What is expected >>
Start with the line that holds "Bedframe met hoofdbord". Please copy it and each remaining line below exactly, leaving pictures out.

Stored data
::::::::
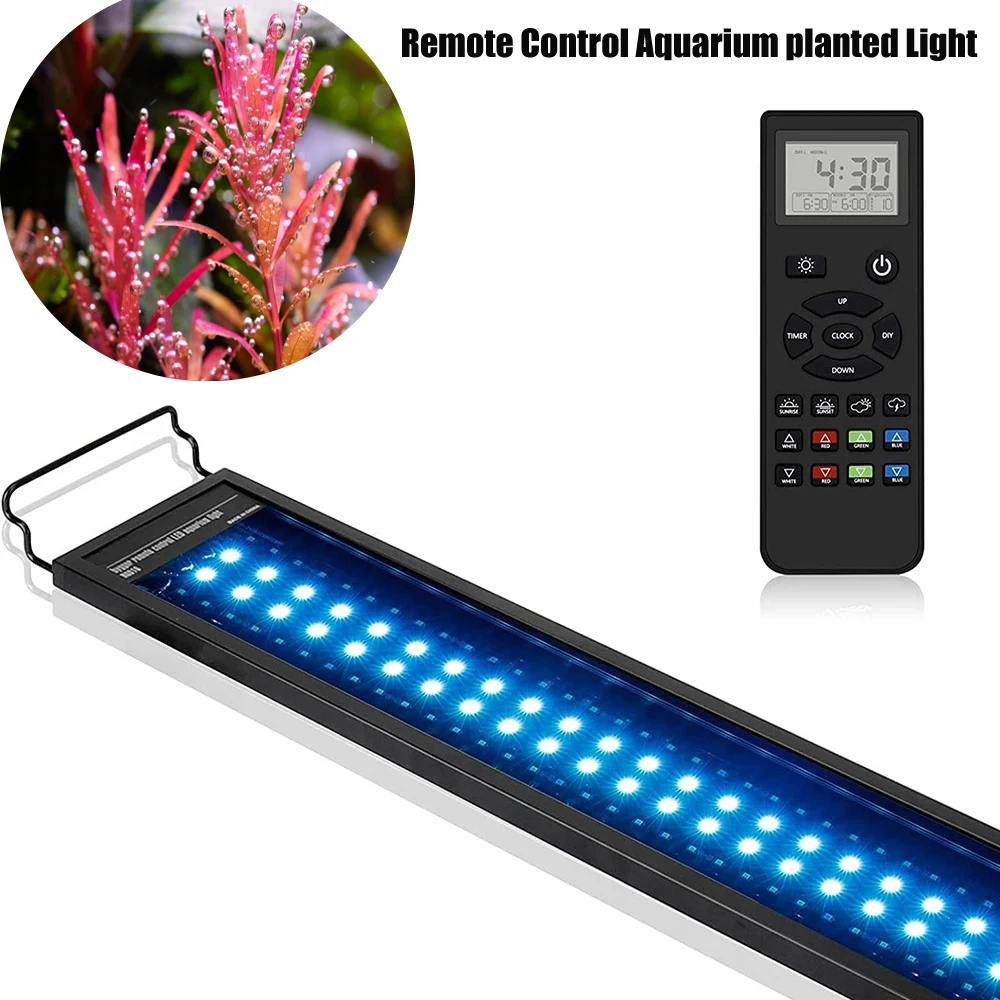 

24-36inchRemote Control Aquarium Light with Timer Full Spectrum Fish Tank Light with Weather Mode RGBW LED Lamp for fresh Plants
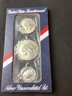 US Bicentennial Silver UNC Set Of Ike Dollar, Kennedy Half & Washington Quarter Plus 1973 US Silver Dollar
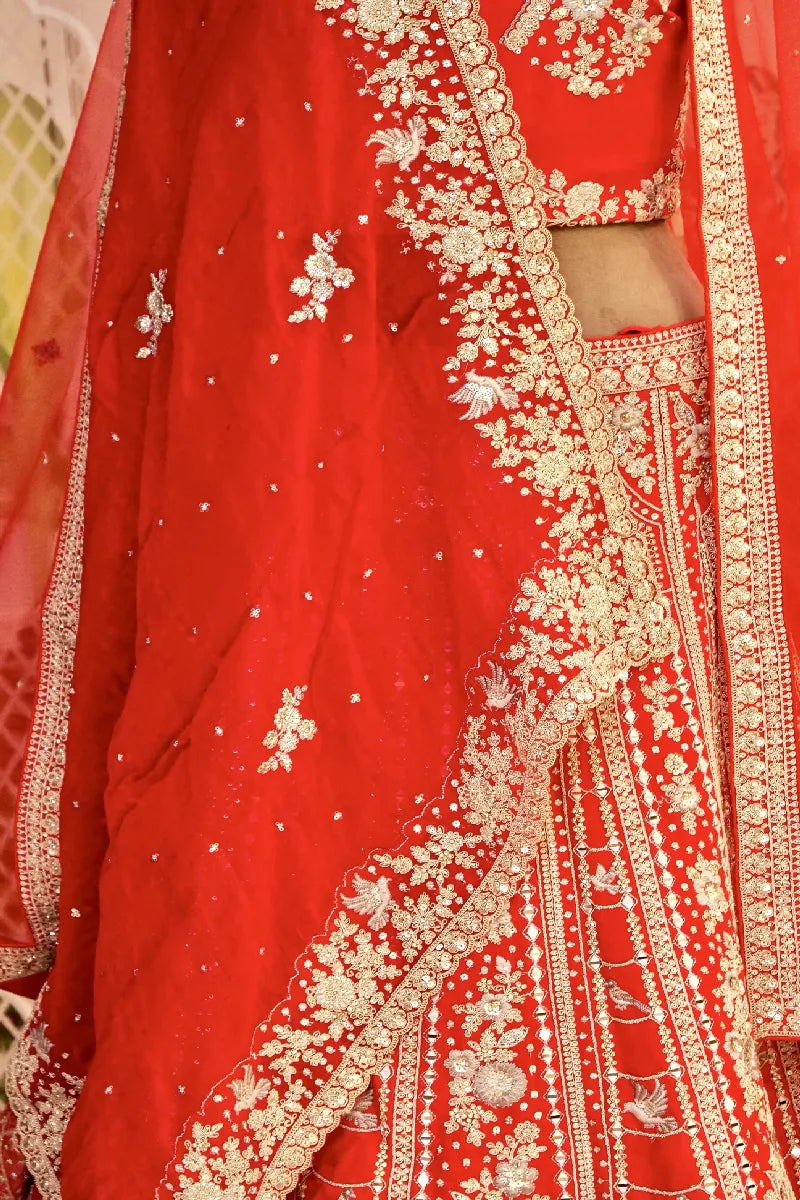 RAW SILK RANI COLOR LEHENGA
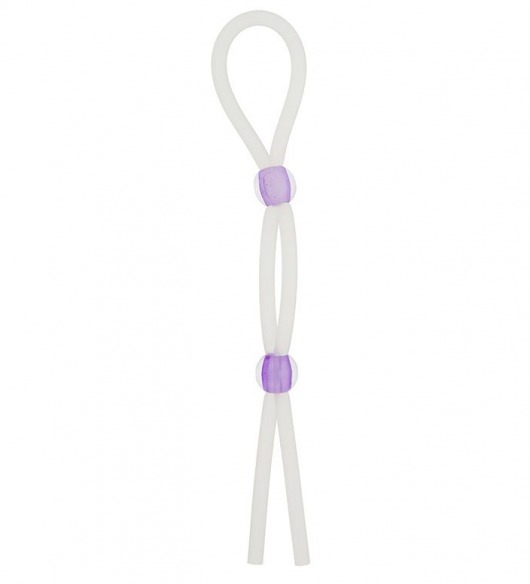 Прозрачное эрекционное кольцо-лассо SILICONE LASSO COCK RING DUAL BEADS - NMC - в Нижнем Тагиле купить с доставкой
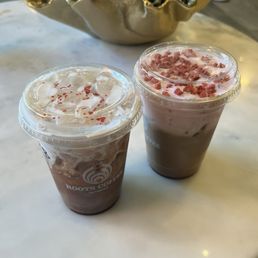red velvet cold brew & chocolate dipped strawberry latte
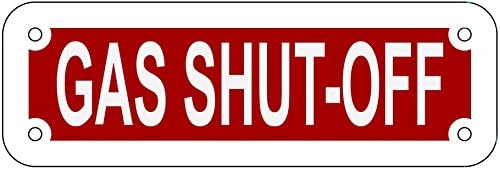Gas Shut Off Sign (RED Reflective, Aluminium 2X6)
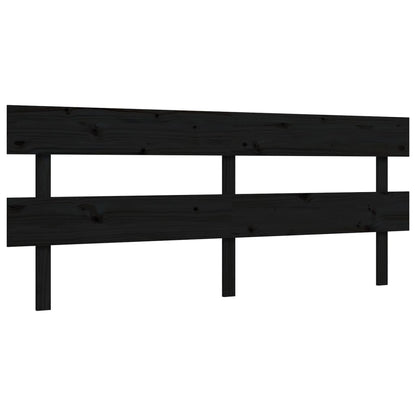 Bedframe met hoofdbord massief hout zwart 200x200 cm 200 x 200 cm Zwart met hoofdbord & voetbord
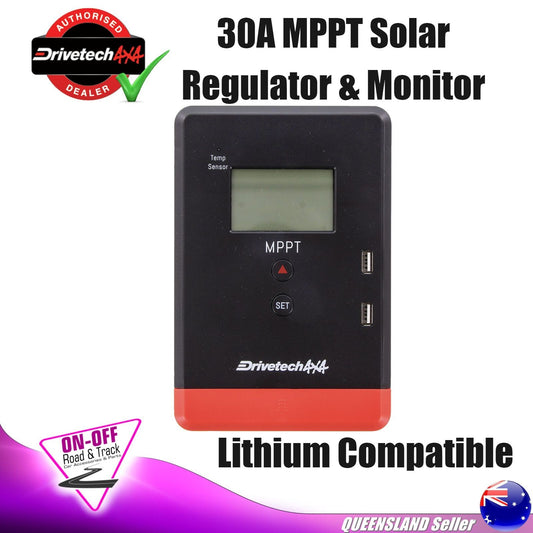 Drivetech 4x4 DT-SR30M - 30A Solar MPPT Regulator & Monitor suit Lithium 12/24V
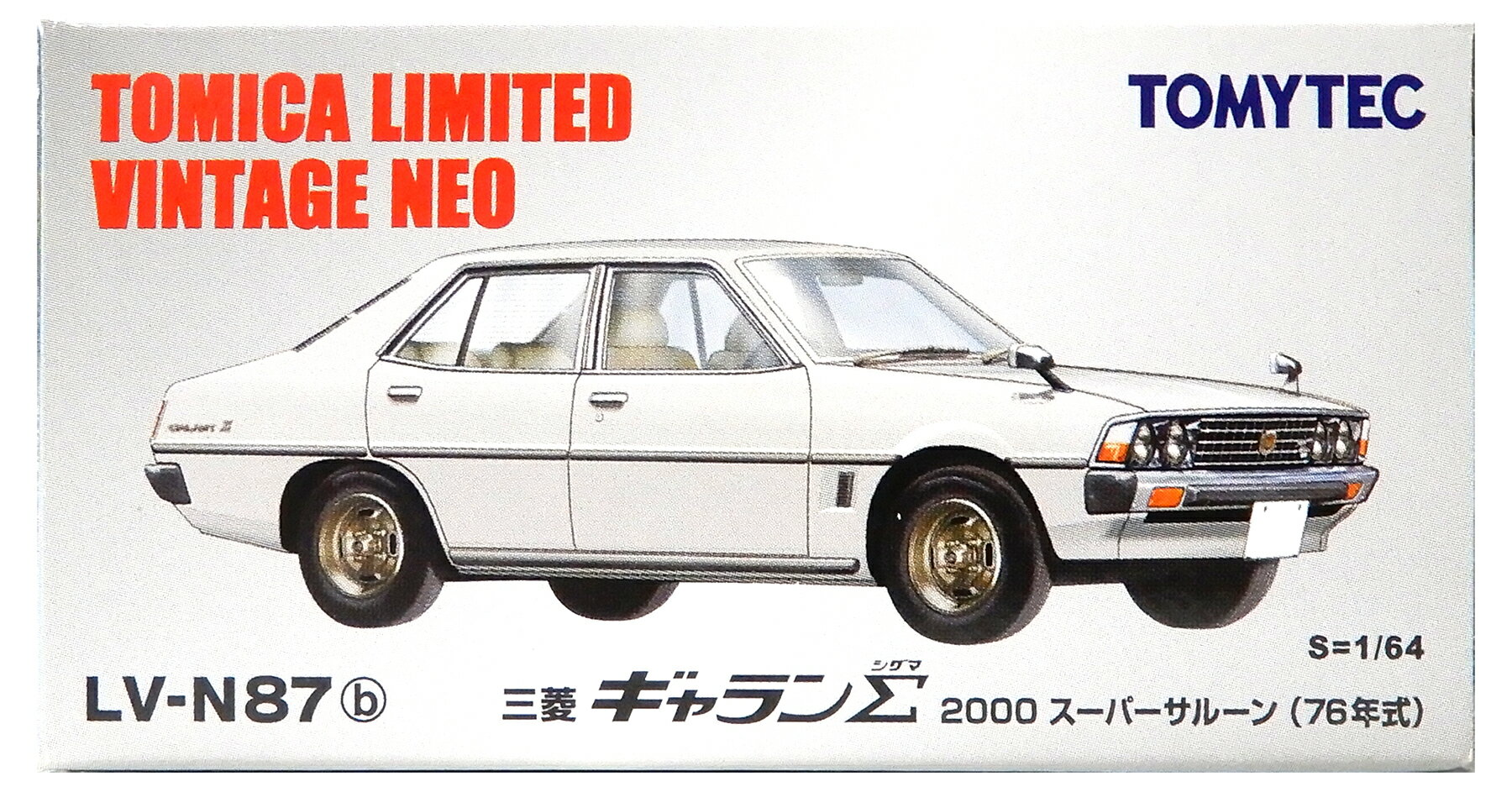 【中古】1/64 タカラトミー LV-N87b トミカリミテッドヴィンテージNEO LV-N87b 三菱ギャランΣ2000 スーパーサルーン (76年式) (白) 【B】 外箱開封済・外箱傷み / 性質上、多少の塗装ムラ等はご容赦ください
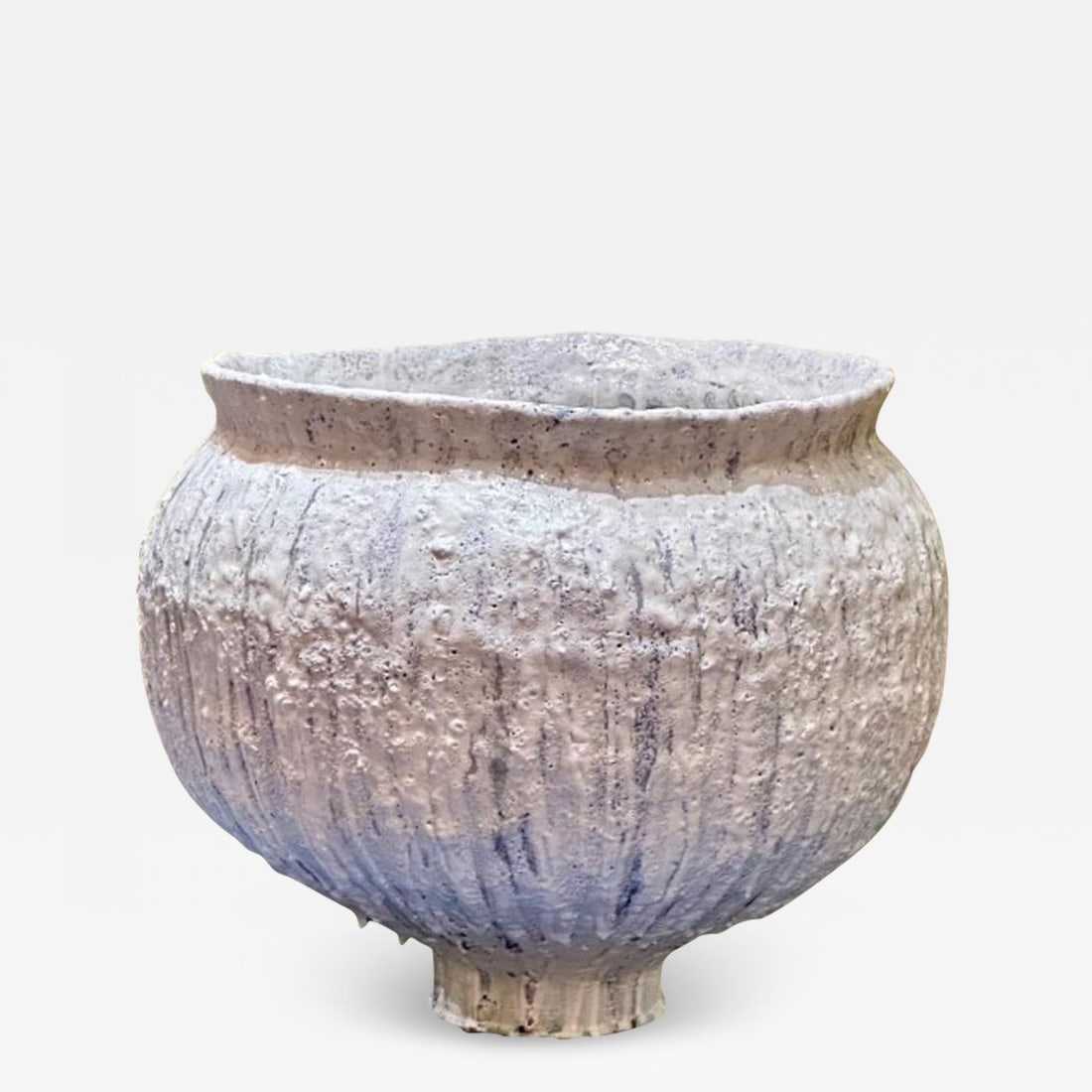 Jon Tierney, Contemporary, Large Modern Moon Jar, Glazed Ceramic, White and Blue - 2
::::::::
Answer to this exercise >>
 Bedframe met hoofdbord massief hout zwart 200x200 cm 200 x 200 cm Zwart met hoofdbord & voetbord
 Drivetech 4x4 DT-SR30M - 30A Solar MPPT Regulator & Monitor suit Lithium 12/24V
 【中古】1/64 タカラトミー LV-N87b トミカリミテッドヴィンテージNEO LV-N87b 三菱ギャランΣ2000 スーパーサルーン (76年式) (白) 【B】 外箱開封済・外箱傷み / 性質上、多少の塗装ムラ等はご容赦ください
 Jon Tierney, Contemporary, Large Modern Moon Jar, Glazed Ceramic, White and Blue - 2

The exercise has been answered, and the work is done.